CoreWeave outages compared to AWS

Diving deeper into

Samiur Rahman, CEO of Heyday, on building a production-grade AI stack

Interview
CoreWeave’s definitely had more outages than AWS.
Analyzed 6 sources

This is the core tradeoff that created the NeoCloud category, cheaper AI compute now in exchange for less battle tested uptime. Heyday was willing to run all ML compute on CoreWeave because it offered AWS like Kubernetes workflows, public endpoints, VPC support, and autoscaling at materially lower cost than AWS. But when inference failures hit, the product breaks in visible ways, which is why AWS still carries a reliability premium for production workloads.

  • For Heyday, the difference was not raw model speed. H100s on CoreWeave and Lambda were comparable. The real difference was operational maturity.

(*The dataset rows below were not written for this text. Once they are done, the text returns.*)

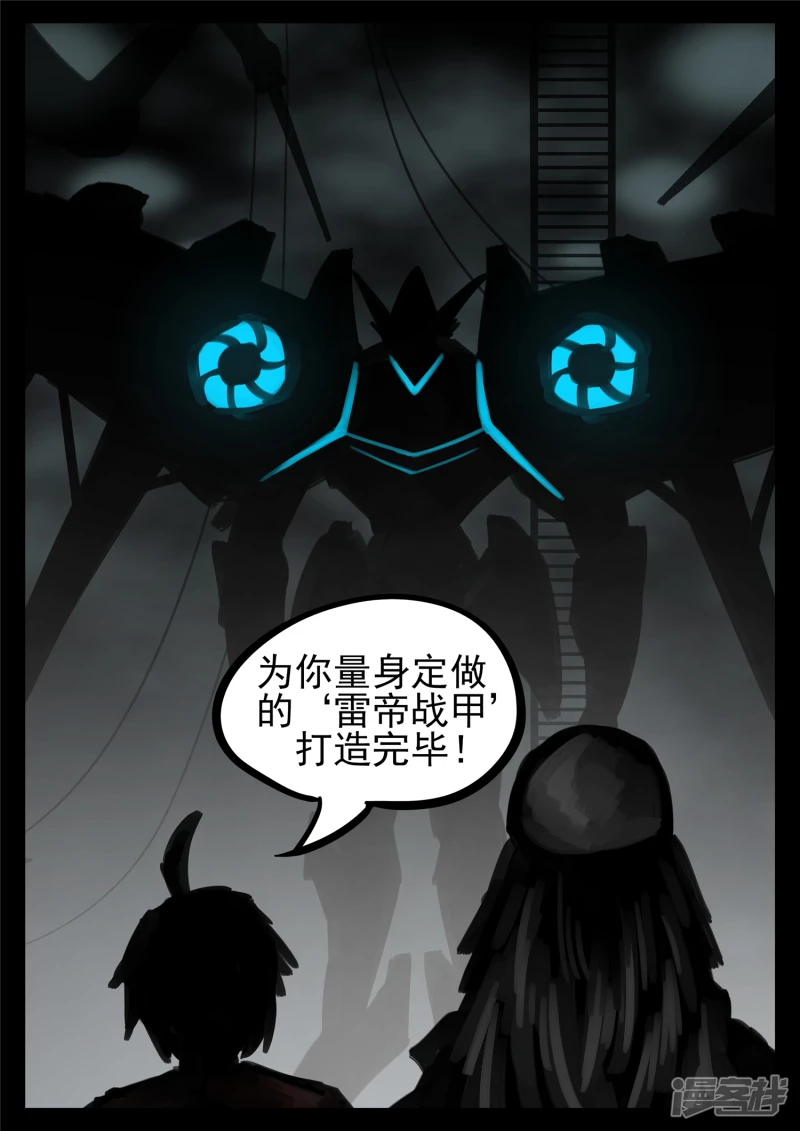 第一百四十六章 兽潮-第145话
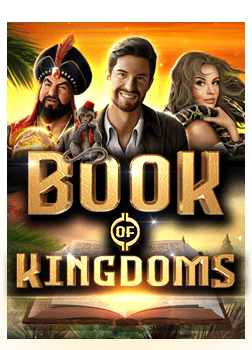 เล่นเสือมังกร คาสิโน: วิธีเล่นให้รวยเร็ว!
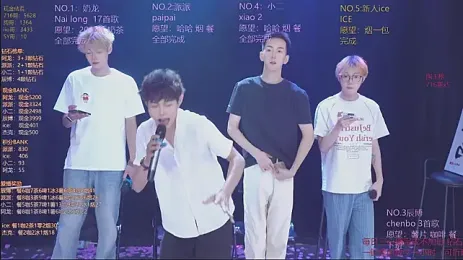 NCT-111 — Stripchat stream photo (Aug 2026)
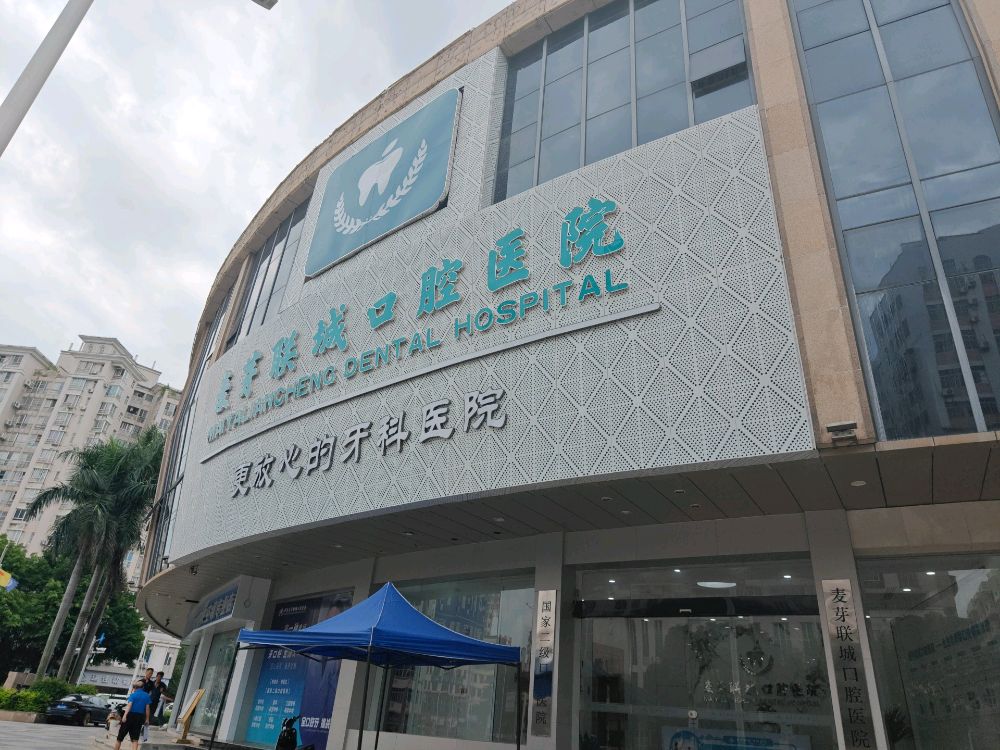 麦芽联城口腔医院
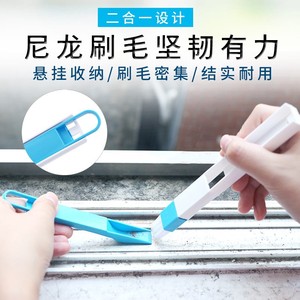 2 <b>In</b> 1 Crevice Brush Nylon Bristles For Kitchen Bathroom Window Groove Cleaning Keyboard Dusting Tool - Product Image 5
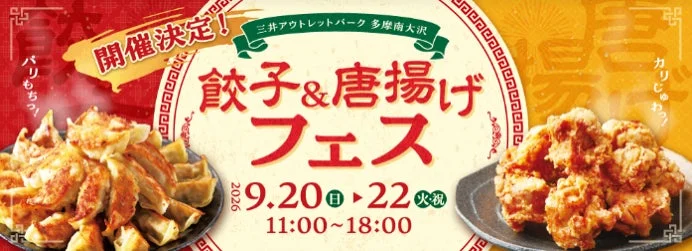 餃子＆唐揚げフェスの告知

CoreWeave let the team move Docker and Kubernetes based workloads over from AWS with minimal code changes, while Lambda stayed mostly for cheaper experiments and training runs.
  • A second customer described the same market split more explicitly. NeoClouds like CoreWeave and Lambda were cheaper and more configurable for training, sometimes by roughly 2x per GPU hour, while AWS was used for inference because teams expected mature storage, programmable infrastructure, and higher uptime.
  • The strategic point for CoreWeave is that every outage matters more than it does for AWS. AWS has formal SLAs across core services like EC2 and S3, and customers already treat it as default infrastructure. CoreWeave is building toward that standard, but its wedge has been AI specific GPUs plus AWS like tooling, not AWS level trust yet.

Going forward, CoreWeave’s next leg of competition is less about getting access to GPUs and more about proving that AI native cloud can be as boring and dependable as traditional cloud. If it closes that trust gap while keeping a cost edge, it becomes much harder for startups to justify moving inference back to AWS.